You are, effectively, getting "carburetor icing". It's probably not actually icing, but intake temps are dropping low enough to create the same fuel atomization/vaporization problems that exist at cold-startup. The engine "acts lean" because, even though the carburetor is delivering the same amount of fuel (the A:F ratio, by volume, may be virtually unaffected), the amount that is actually being vaporized and burned is reduced.
Consider why more fuel is needed for cold-startup and to keep an engine running, until it's up-to-temp. With the venturi, intake tube, and intake port all cold, liquid gasoline tends to remain liquid. While the combustion chamber & intake valve are also cold, only a small percentage...the most volatile fraction of the fuel...is being vaporized and it's gasoline vapor that burns. The rest passes through the engine, unburned waste. Thus, the engine can run lean on a pig-rich mixture...until it warms up. As each part of the combustion chamber and intake tract warm up, more fuel is atomized, vaporized, and burned, resulting in a functionally/chemically richer mixture which is why you have to open the choke. Now for the big variable, ambient air temp.

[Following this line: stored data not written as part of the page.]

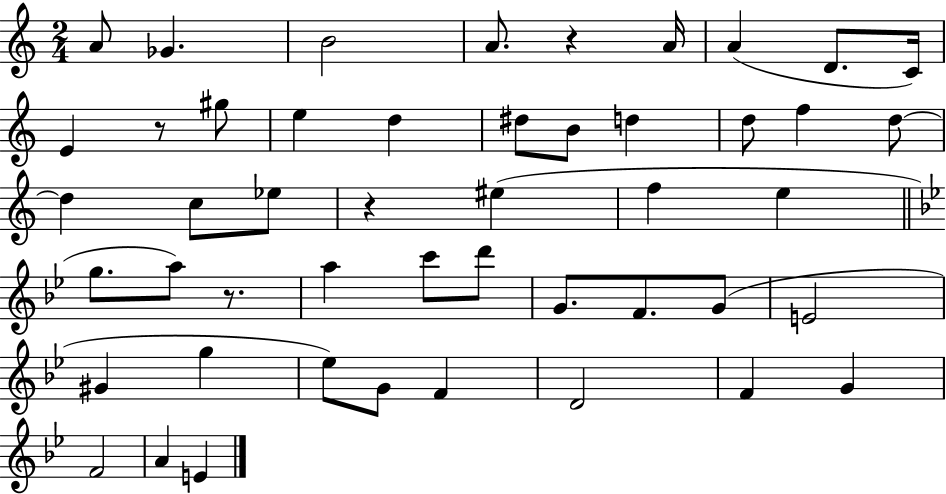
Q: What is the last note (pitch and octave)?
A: E4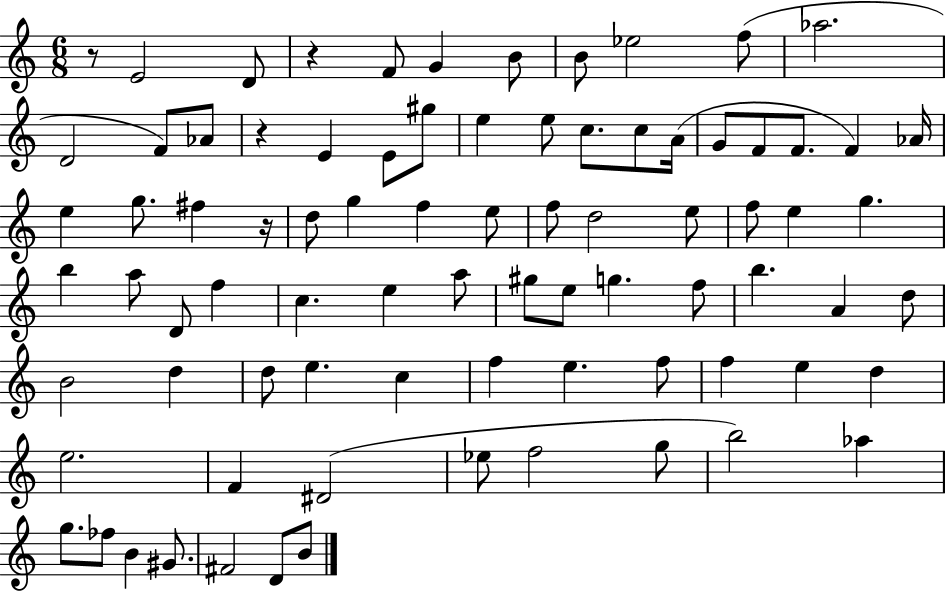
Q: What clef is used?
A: treble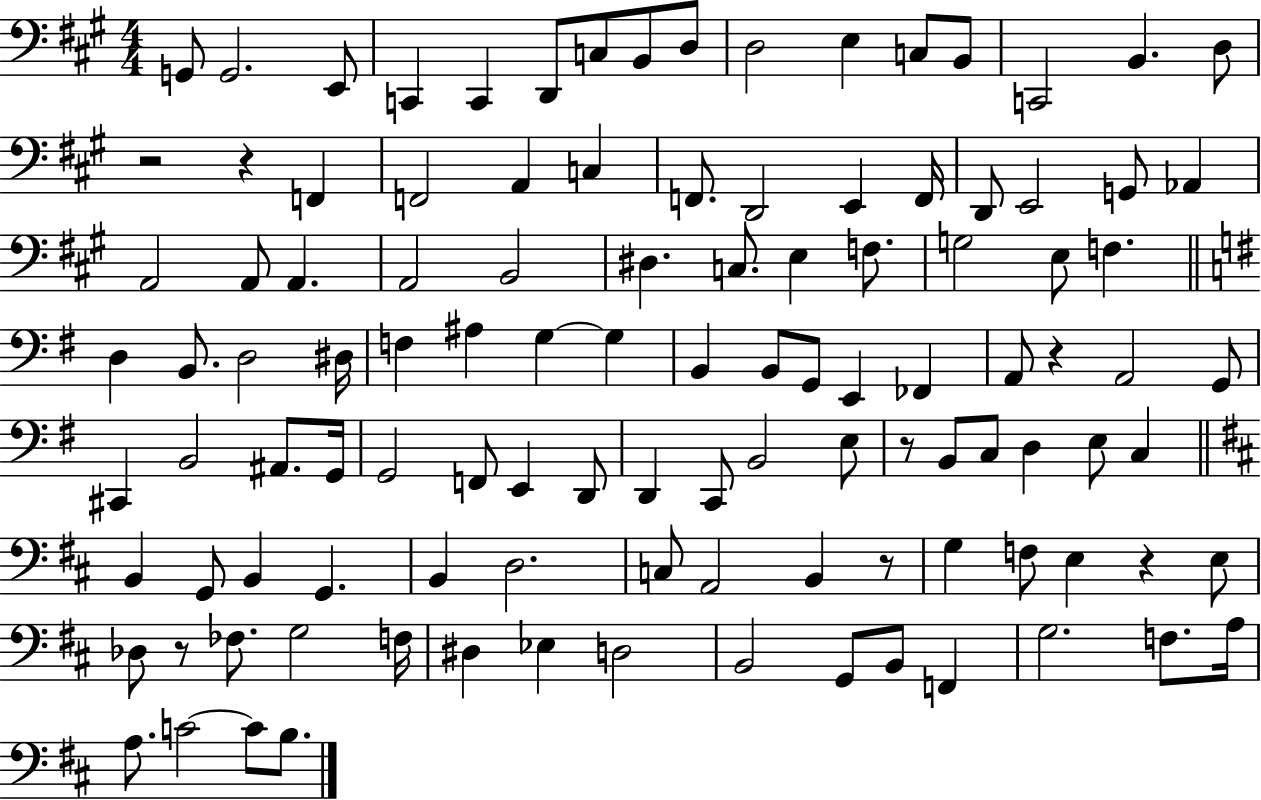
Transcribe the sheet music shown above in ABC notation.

X:1
T:Untitled
M:4/4
L:1/4
K:A
G,,/2 G,,2 E,,/2 C,, C,, D,,/2 C,/2 B,,/2 D,/2 D,2 E, C,/2 B,,/2 C,,2 B,, D,/2 z2 z F,, F,,2 A,, C, F,,/2 D,,2 E,, F,,/4 D,,/2 E,,2 G,,/2 _A,, A,,2 A,,/2 A,, A,,2 B,,2 ^D, C,/2 E, F,/2 G,2 E,/2 F, D, B,,/2 D,2 ^D,/4 F, ^A, G, G, B,, B,,/2 G,,/2 E,, _F,, A,,/2 z A,,2 G,,/2 ^C,, B,,2 ^A,,/2 G,,/4 G,,2 F,,/2 E,, D,,/2 D,, C,,/2 B,,2 E,/2 z/2 B,,/2 C,/2 D, E,/2 C, B,, G,,/2 B,, G,, B,, D,2 C,/2 A,,2 B,, z/2 G, F,/2 E, z E,/2 _D,/2 z/2 _F,/2 G,2 F,/4 ^D, _E, D,2 B,,2 G,,/2 B,,/2 F,, G,2 F,/2 A,/4 A,/2 C2 C/2 B,/2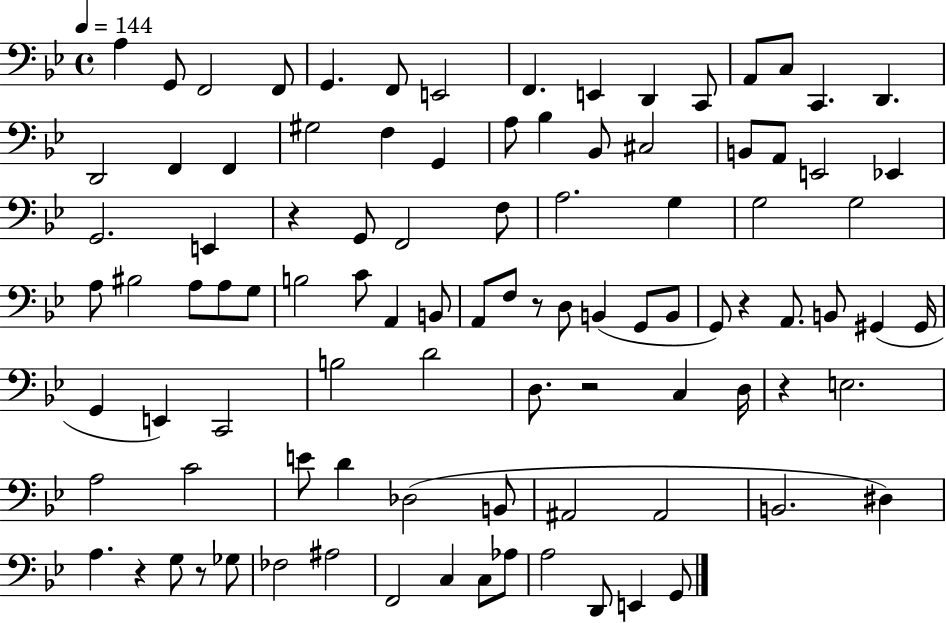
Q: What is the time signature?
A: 4/4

Due to latent heat of vaporization, the intake tract is, effectively, a refrigeration unit. Liquid gasoline, exposed to vacuum & vaporized, cools the air/fuel column and everything with which it comes into contact. The effects of this can be: seen, by intake valve coloration; measured by intake tube & carburetor surface temps. In typical riding weather, with ambient temps well above 60F, surface temps remain high enough and far enough upstream, to reach a sustainable equilibrium. Ideally, intake temp should be above ~120F+. However, it can drop well below that without causing major problems. Fuel droplets will condense out of suspension, but only to a point...and...there'll be enough surface heat, downstream, to re-atomize, then vaporize, the liquefied fuel. That is, until ambient air temp intensifies the refrigeration effect enough to overcome engine heat and cool the entire intake tract too much. An IR thermometer can quickly show you what's going on. It's not really necessary. When you're getting the lean stumbles, the intake will be icy-cold to the touch. With my own bikes, the intakes can get cool enough to sweat, like a glass of iced tea, in 85F ambient air...under just the right conditions. Stopping at a red light, after rolling along at (relatively) high speeds for a few miles, the intake will be cool to the touch. That changes quickly, once at idle...due to "heat soak". And that's what you're getting once the engine is shutdown for a minute or three. I've verified this, using a wideband O2 sensor & meter. A:F ratios can go from the high 12s into the low 15s and in as little as a mile, in temps below 50F. A brief shutdown restores the A:F ratio...briefly.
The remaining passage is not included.